> _EXERCISE OBJECTIVE_
Print nothing except the lines of the listing below from the line with "Springfield: Map & Compass" to the line with "PANTS/ ジャパンガーメンツ チノパンツ", each exactly as written, both ends included.

> _INFORMATION_
==*==

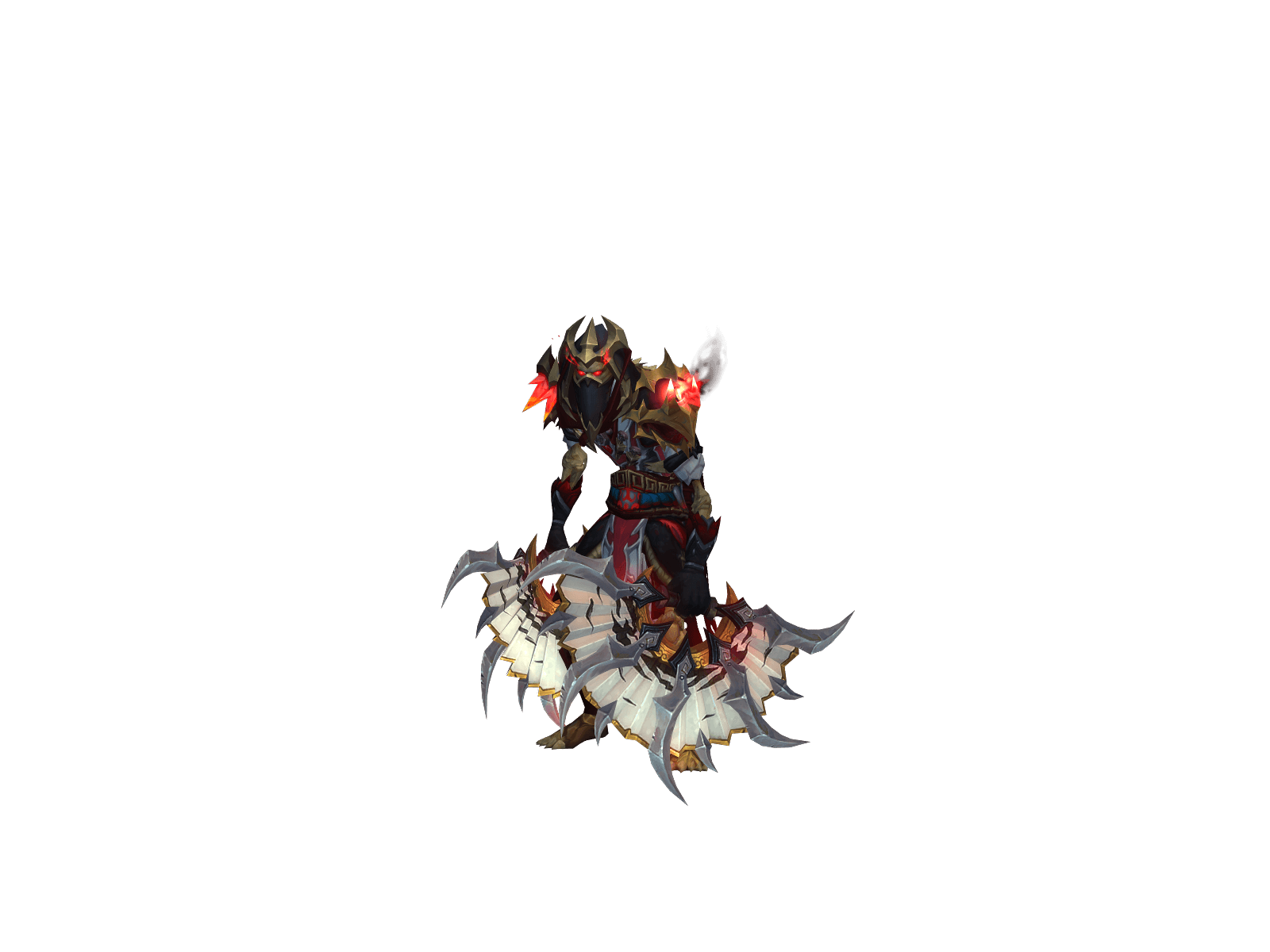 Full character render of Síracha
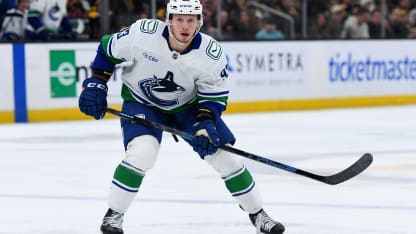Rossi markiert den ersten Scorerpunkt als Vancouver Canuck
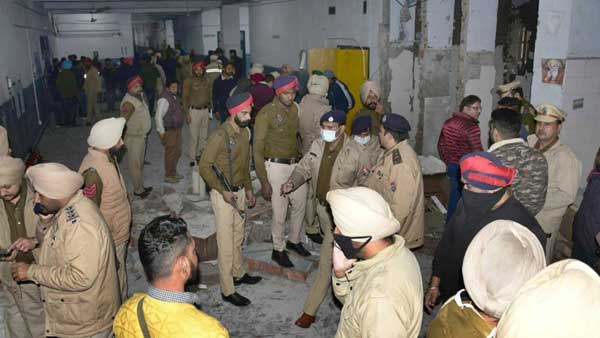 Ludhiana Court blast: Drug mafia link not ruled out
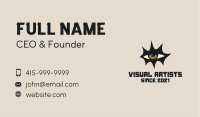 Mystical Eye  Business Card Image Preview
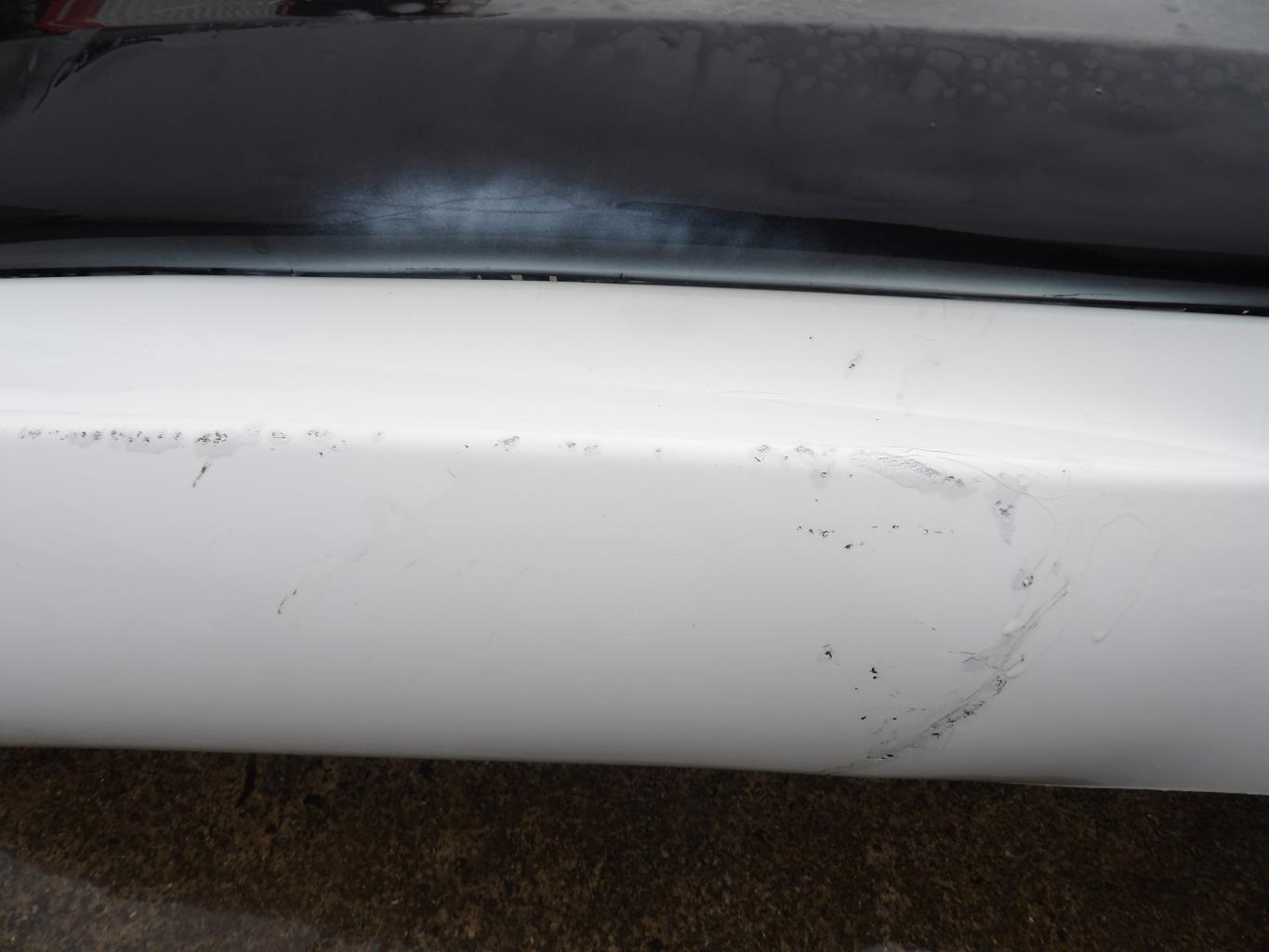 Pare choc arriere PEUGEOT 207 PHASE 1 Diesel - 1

==*==

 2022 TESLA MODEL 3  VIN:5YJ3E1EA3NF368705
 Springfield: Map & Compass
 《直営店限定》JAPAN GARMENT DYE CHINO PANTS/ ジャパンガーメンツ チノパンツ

==*==

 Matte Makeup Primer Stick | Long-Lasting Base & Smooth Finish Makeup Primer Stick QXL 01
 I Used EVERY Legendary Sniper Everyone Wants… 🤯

==*==

> _ANSWER FOR THE TASK_
 Springfield: Map & Compass
 《直営店限定》JAPAN GARMENT DYE CHINO PANTS/ ジャパンガーメンツ チノパンツ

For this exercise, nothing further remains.